Work required: In the records below, find the line with "Hello everyone, welcome" and the line with "For the multiple-character". Print both exactly, along with every line between them, and no other line.

Material shown:
+-------+
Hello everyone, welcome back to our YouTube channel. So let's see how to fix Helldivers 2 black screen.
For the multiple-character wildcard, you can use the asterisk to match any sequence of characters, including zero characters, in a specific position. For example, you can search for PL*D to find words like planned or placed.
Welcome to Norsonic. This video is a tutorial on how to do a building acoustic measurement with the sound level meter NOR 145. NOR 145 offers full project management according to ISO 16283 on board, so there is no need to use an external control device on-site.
+-------+
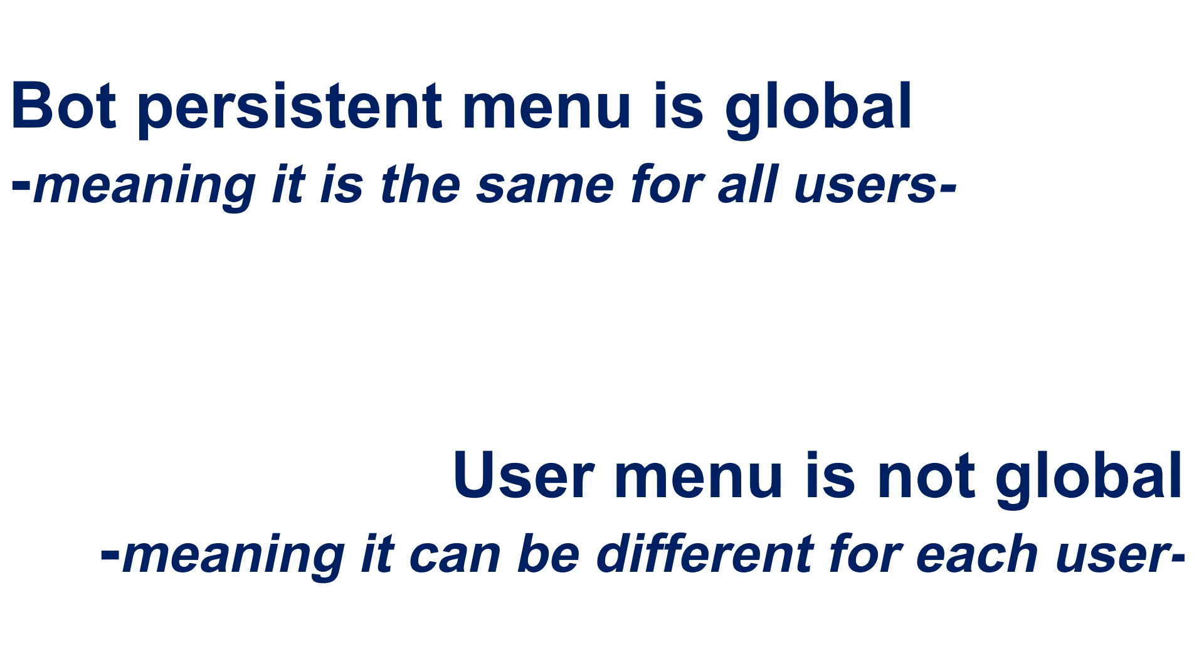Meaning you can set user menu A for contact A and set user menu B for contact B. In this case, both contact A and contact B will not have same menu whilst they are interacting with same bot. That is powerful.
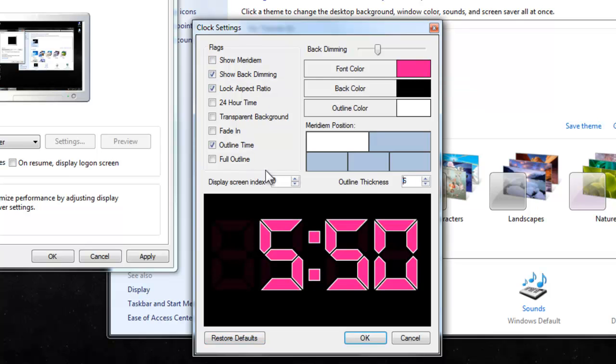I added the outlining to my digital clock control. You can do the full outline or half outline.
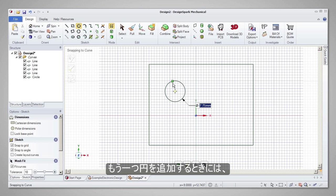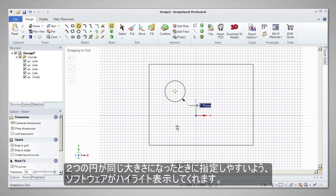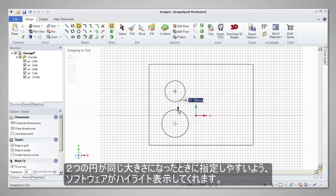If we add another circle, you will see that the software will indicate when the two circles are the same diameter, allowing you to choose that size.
+-------+
Reply to the task:
Hello everyone, welcome back to our YouTube channel. So let's see how to fix Helldivers 2 black screen.
For the multiple-character wildcard, you can use the asterisk to match any sequence of characters, including zero characters, in a specific position. For example, you can search for PL*D to find words like planned or placed.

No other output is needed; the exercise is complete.